But some of the retail bond holders, Moneycontrol spoke with, said they aren’t very confident of getting a fair representation in the case. “It was after sending several emails that they responded to our concerns. There has been major mis-selling of these bonds to many retail investors, including senior citizens, whose life savings vanished with the write down of these bonds,” said one of the investors. The person didn’t want to be named.
Retail bonders are also exploring options to separately seek legal recourse since they feel that Axis Trustee is not adequately representing concerns of retail investors. This is also because of a proposal from the Trustee to take a significant haircut on bond holdings and convert part of the holdings to equity. Retail investors feel that this plan will leave nothing much for them at the end of the exercise.
According to at least three such investors that Moneycontrol spoke to Yes Bank’s executives pitched these bonds as ‘super FDs’, which will offer consistent returns and safety of a regular fixed deposit. In most cases, these investors had existing regular fixed deposits in Yes Bank that fetched them a rate of interest of around 8 percent.
Yes Bank executives offered 9-9.5 percent return on these bonds and made them transfer substantially high amounts (in some cases Rs 1 crore to Rs 1.5 crore) to these instruments. “This was done without explaining the high risk associated with these bonds, especially the provision that says these bonds will be extinguished and capital foregone in the event of a financial failure of the bank,” said another investor requesting anonymity.
After the bail-out of Yes Bank, some of these retail investors approached the bank only to receive a response that the matter is sub judice. An email sent to Yes Bank seeking response on charge of mis-selling and the actions taken so far remained unanswered till the time of filing this story.
According to experts, prevailing Reserve Bank of India (RBI) regulations do not bar banks from selling perpetual bonds to retailers, but the rules clearly say that these instruments should not be pitched with fixed deposits as a benchmark. Also, the risks involved in these instruments must be clearly be explained to investors, the rules stated.
Yes Bank’s retail AT1 bond holders allege that these norms were not followed by Yes Bank executives while selling these instruments. Bondholders have invested nearly Rs 94,000 crore in AT1 bonds issued by Indian banks, according to rating agency ICRA. AT1 bonds, also called perpetual bonds, are considered quasi-equity instruments and are riskier than Tier 1 bonds.
After the Yes Bank reconstruction scheme was notified by the government, there was a confusion in the market on March 14 on whether these bonds will be honoured or extinguished as said in the draft reconstruction scheme made public by RBI. But, Yes Bank’s RBI-appointed administrator, Prashant Kumar later clarified that these bonds will be written down fully, as per the agreed reconstruction scheme.

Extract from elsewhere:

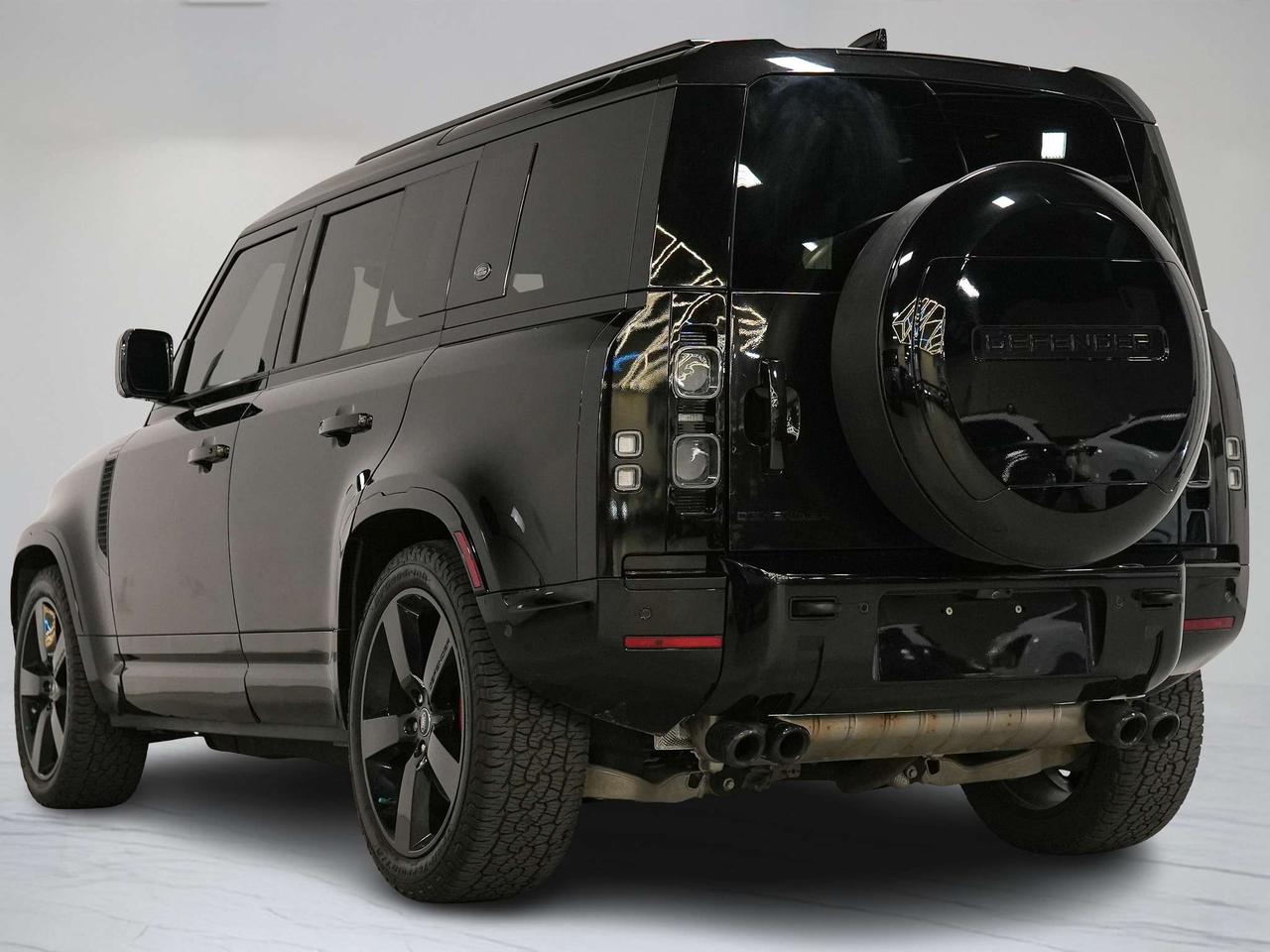 2022 Land Rover Defender X | P400 | MERIDIAN | HUD | 22 IN Photo4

This is because the reconstruction scheme was formed after the RBI invoked Section 45 of the Banking Regulation Act, 1949, which arises when the bank is deemed to be non-viable or approaching non-viability, enabling the write-down of certain Basel III AT1 Bonds.
“In light of the above provisions of the Basel III circular, the Perpetual Subordinated Basel III Compliant Additional Tier I Bonds issued by the bank for an amount of Rs 3,000 crore on December 23, 2016 and the Perpetual Subordinated Basel III Compliant Additional Tier I Bonds issued by the bank for an amount of Rs. 5,415 crore on October 18, 2017 have been fully written down and stand extinguished with immediate effect,” Kumar informed exchanges.